▸ **Problem details**
Transcribe exactly the lines below that begin at the line with "臭い 乾燥 式 洗濯 ドラム" and stop after the line with "Провод для соединения", leaving out every picture.

▸ **Information**
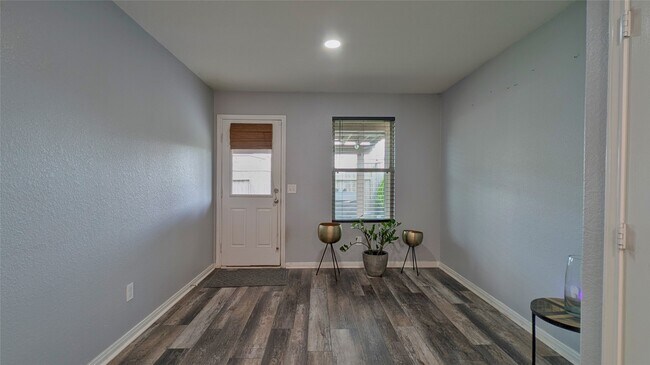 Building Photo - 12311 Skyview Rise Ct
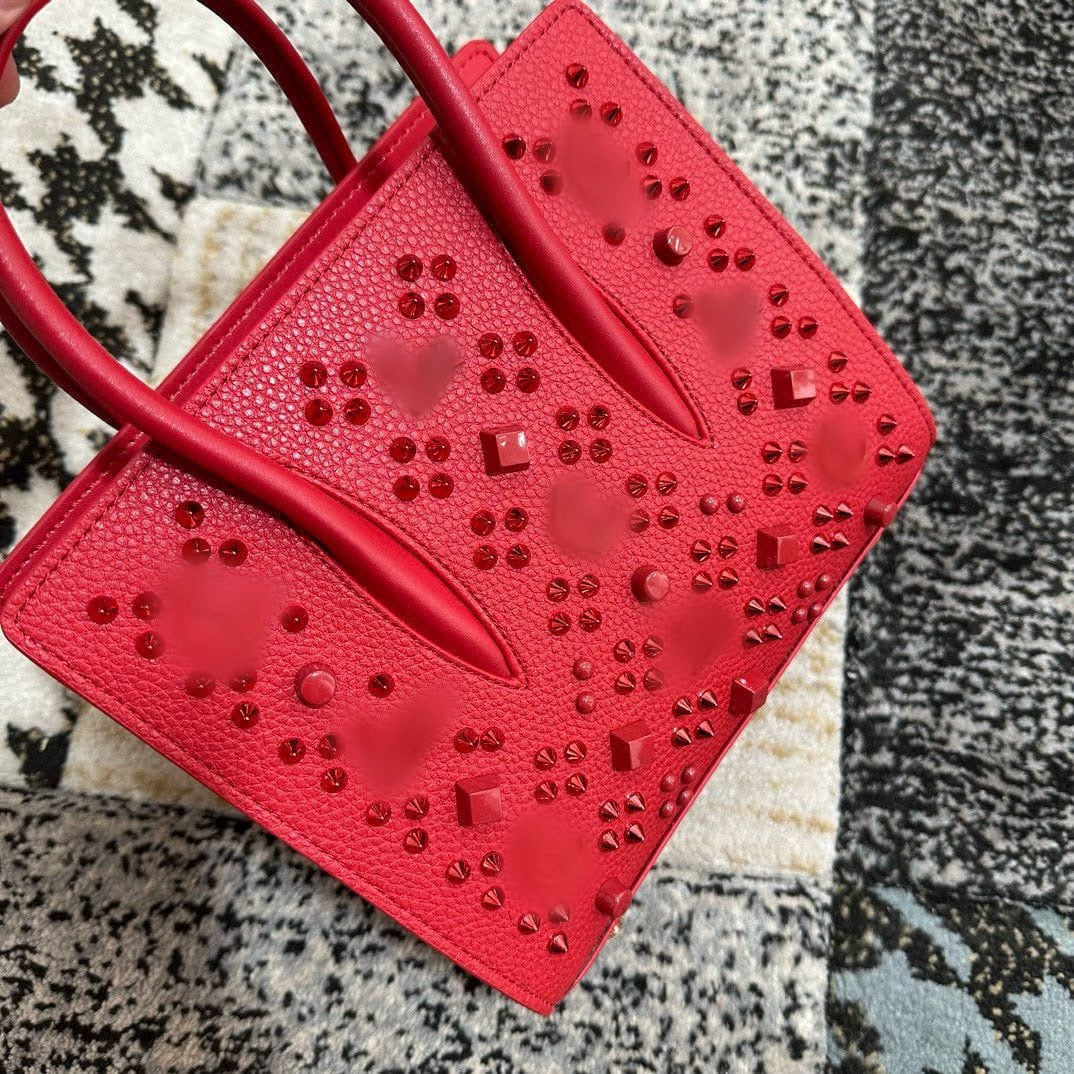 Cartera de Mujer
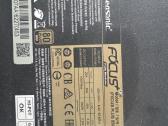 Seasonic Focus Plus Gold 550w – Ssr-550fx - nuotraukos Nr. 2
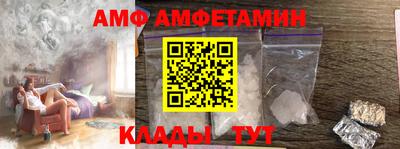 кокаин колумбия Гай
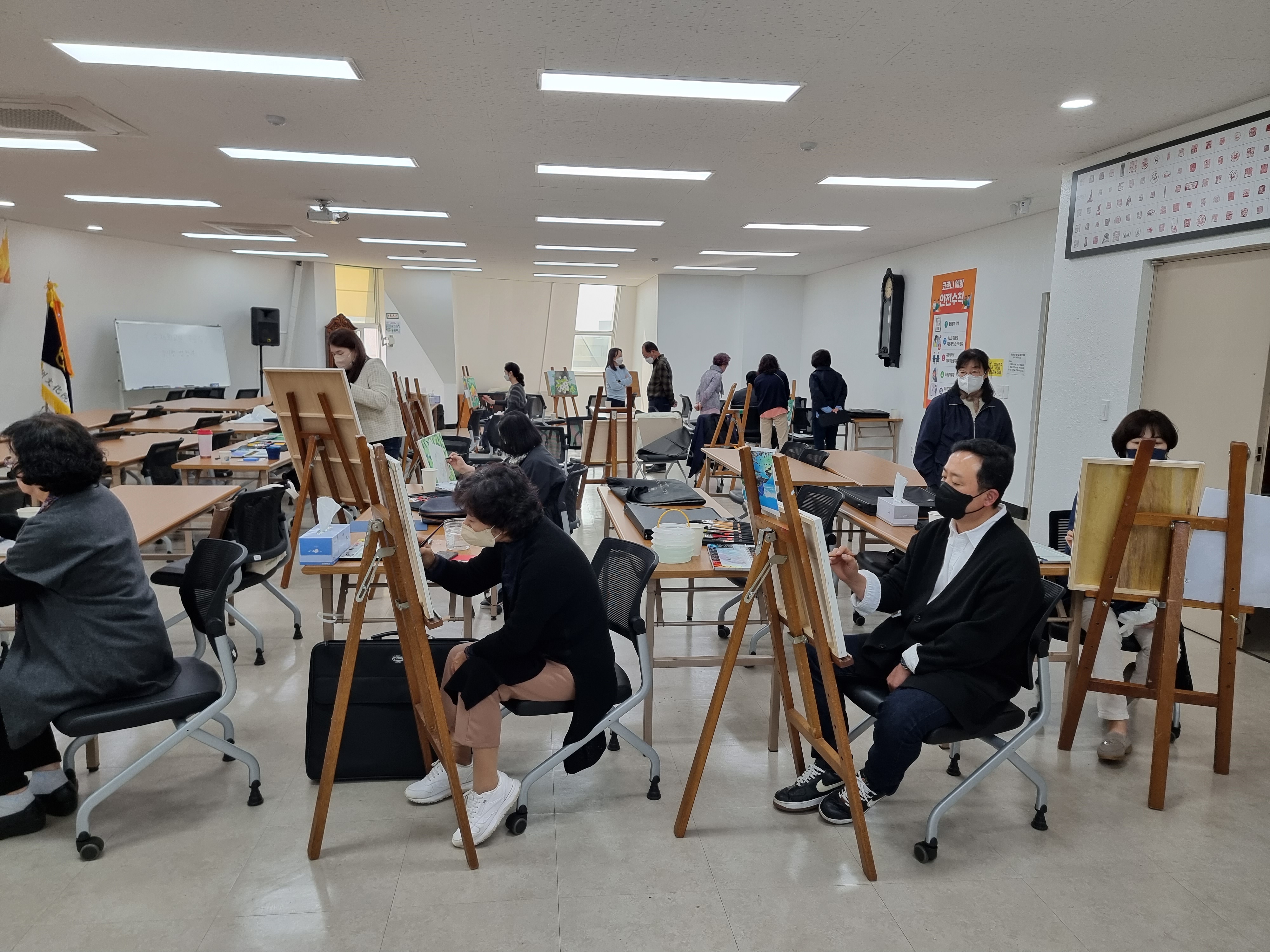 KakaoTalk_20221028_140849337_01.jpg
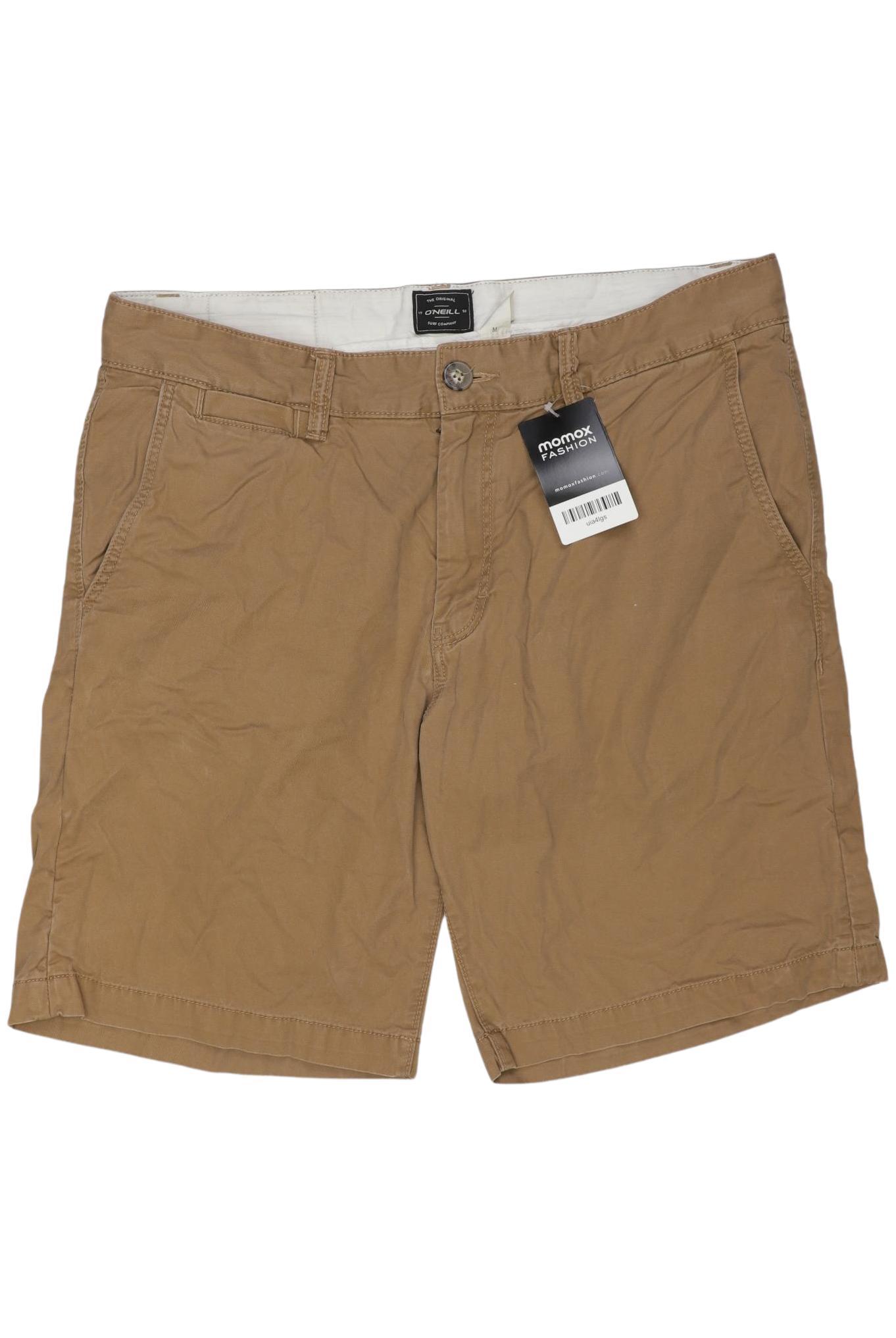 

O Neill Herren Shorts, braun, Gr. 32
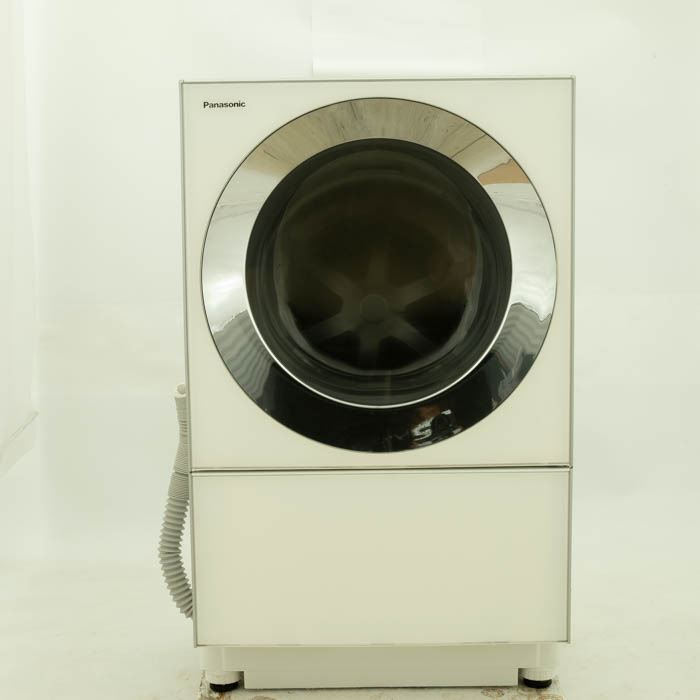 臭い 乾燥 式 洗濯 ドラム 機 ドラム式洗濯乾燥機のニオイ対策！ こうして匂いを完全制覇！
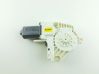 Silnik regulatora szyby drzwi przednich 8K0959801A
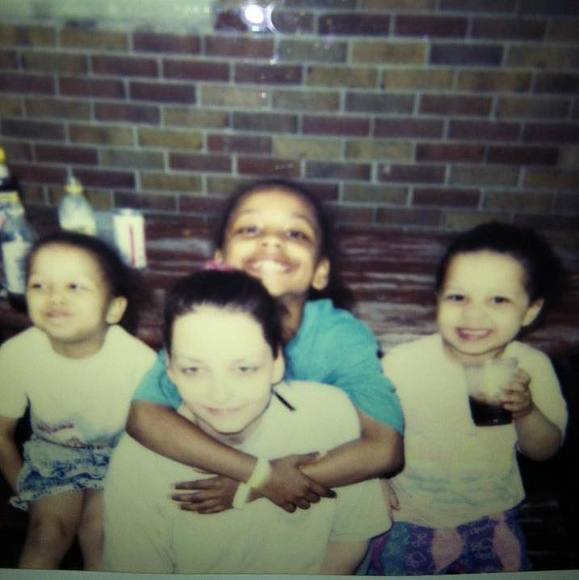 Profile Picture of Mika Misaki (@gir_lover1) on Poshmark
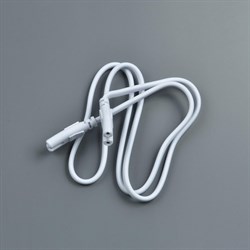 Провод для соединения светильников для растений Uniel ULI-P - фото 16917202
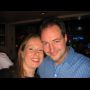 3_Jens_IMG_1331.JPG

▸ **Exercise result**
 臭い 乾燥 式 洗濯 ドラム 機 ドラム式洗濯乾燥機のニオイ対策！ こうして匂いを完全制覇！
 Silnik regulatora szyby drzwi przednich 8K0959801A
 Profile Picture of Mika Misaki (@gir_lover1) on Poshmark
 Провод для соединения светильников для растений Uniel ULI-P - фото 16917202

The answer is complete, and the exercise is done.